Provided records: Begin

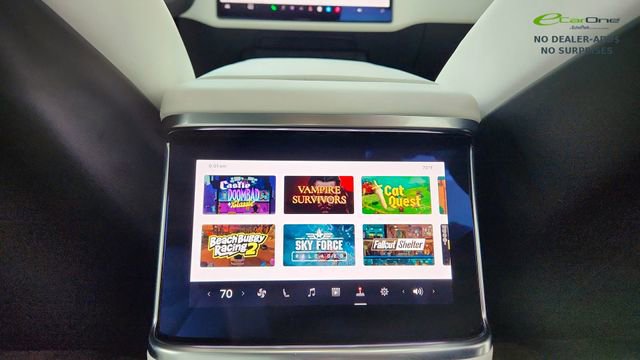 Used 2022 Tesla Model X AWD/4WD image 57
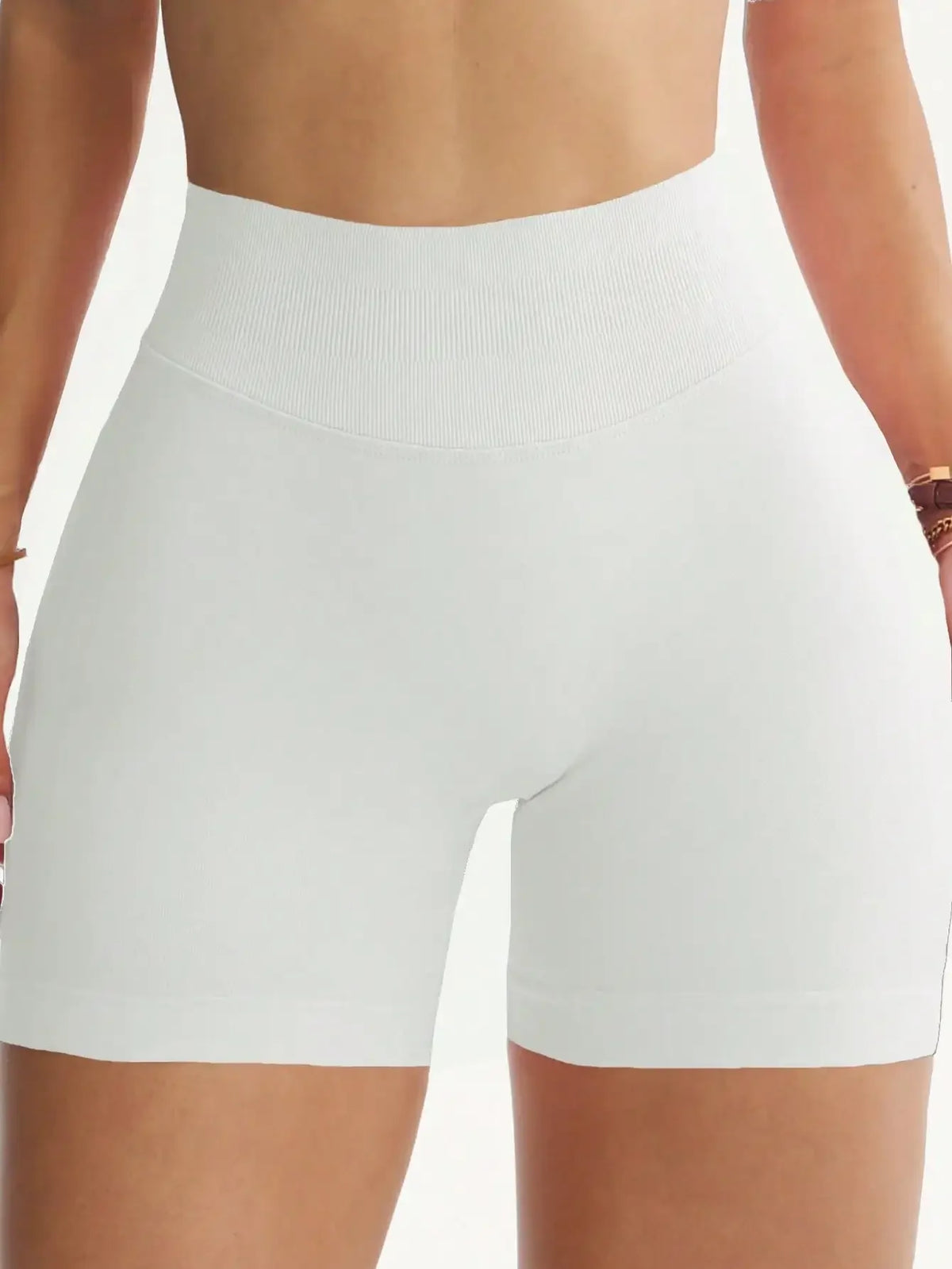 Women Seamless Butt Lifting Sports Shorts For Running And Gym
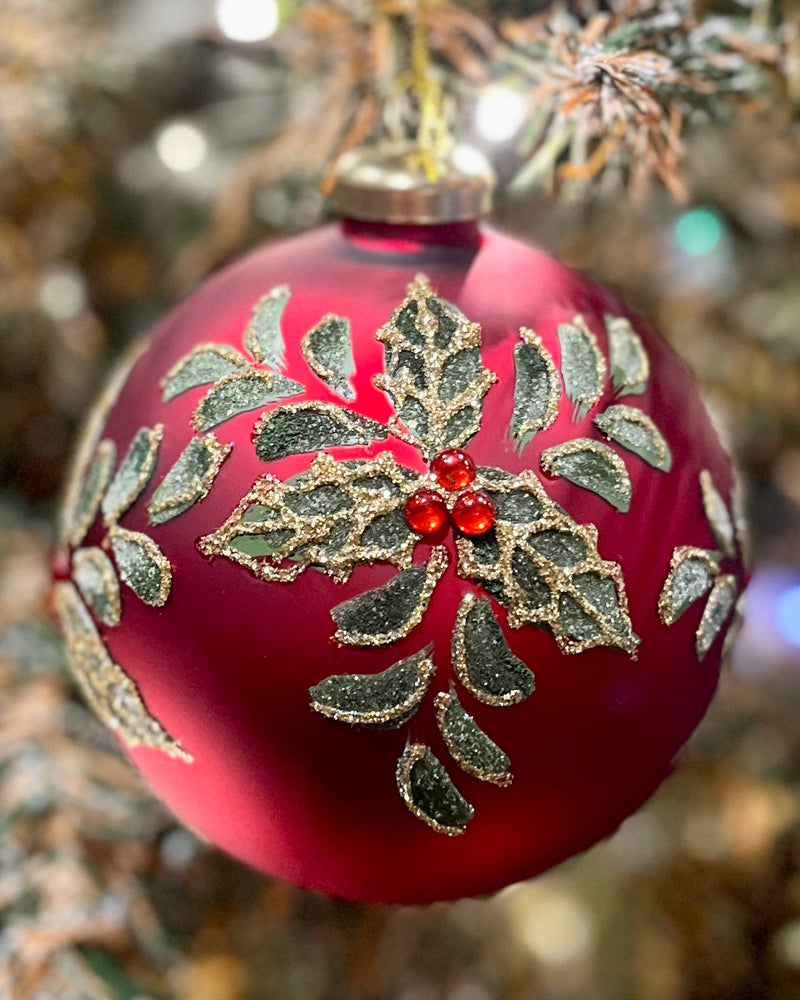 TRADITIONAL EMBELLISHED GLASS ROUND HOLLY BAUBLE DCI015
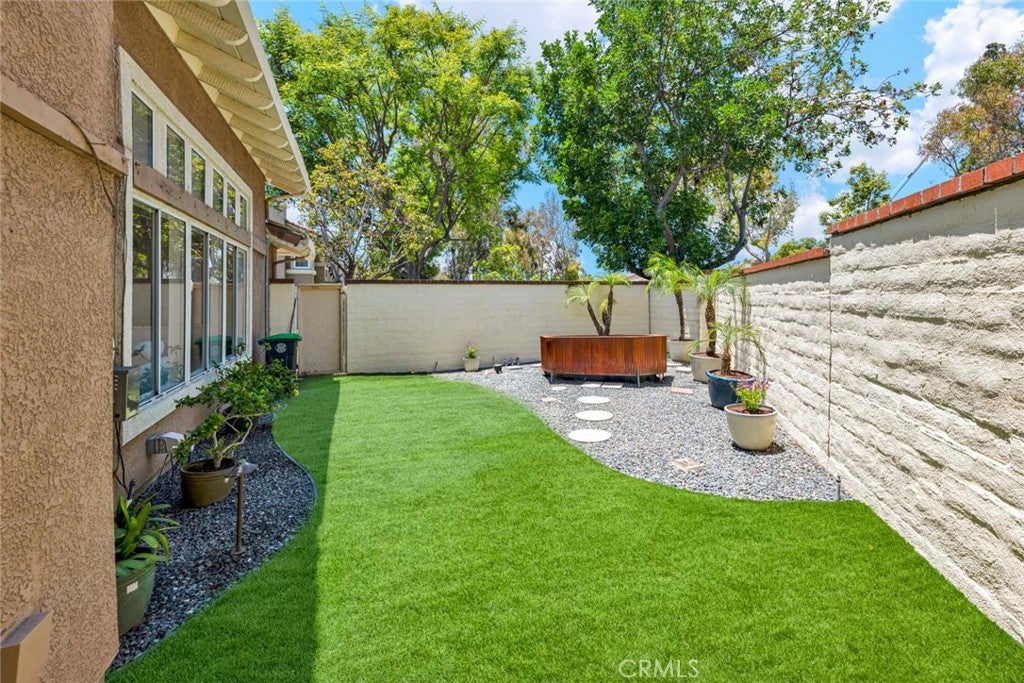 2404 Calle Andorra, Tustin CA 92782 - Photo 19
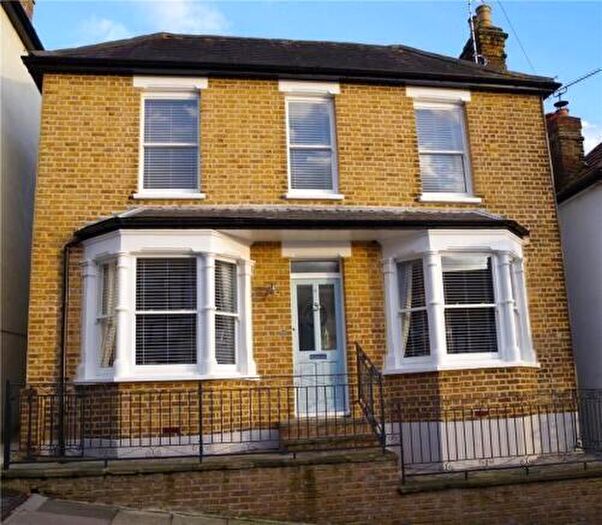 2 Bedroom Detached House To Rent In Hadleigh Road, Leigh-on-Sea, SS9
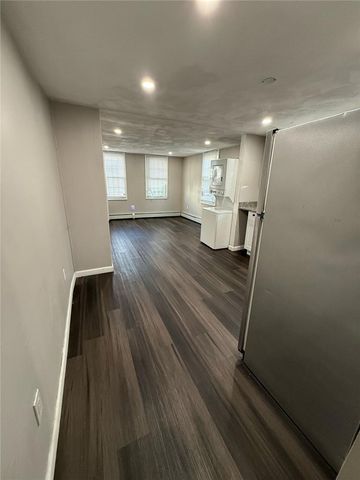 10 South Street 1 L, Pawtucket, RI 02860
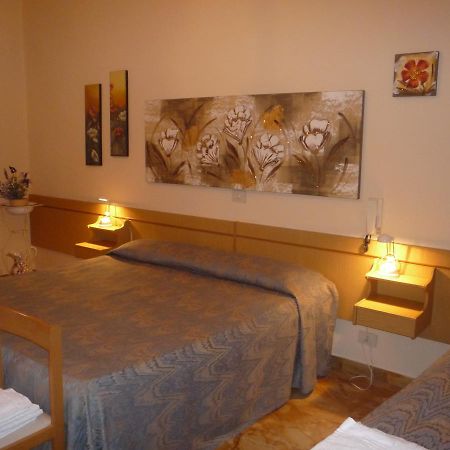 Il Palazzetto Hotel Chiusdino Buitenkant foto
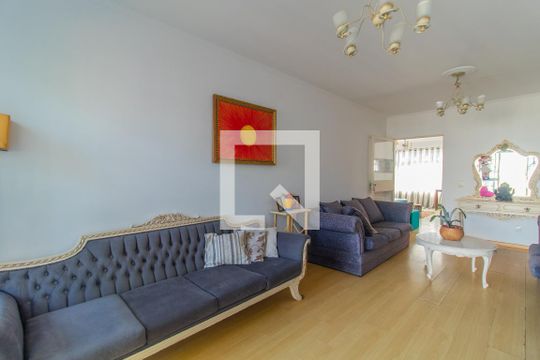 Sala 1 de casa à venda com 2 quartos, 130m² em Ipanema, Porto Alegre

Provided records: End

## What needs to be done
Exact reproduction of the entries above is required, with pictures excluded.

## Response to the task
 Used 2022 Tesla Model X AWD/4WD image 57
 Women Seamless Butt Lifting Sports Shorts For Running And Gym
 TRADITIONAL EMBELLISHED GLASS ROUND HOLLY BAUBLE DCI015
 2404 Calle Andorra, Tustin CA 92782 - Photo 19
 2 Bedroom Detached House To Rent In Hadleigh Road, Leigh-on-Sea, SS9
 10 South Street 1 L, Pawtucket, RI 02860
 Il Palazzetto Hotel Chiusdino Buitenkant foto
 Sala 1 de casa à venda com 2 quartos, 130m² em Ipanema, Porto Alegre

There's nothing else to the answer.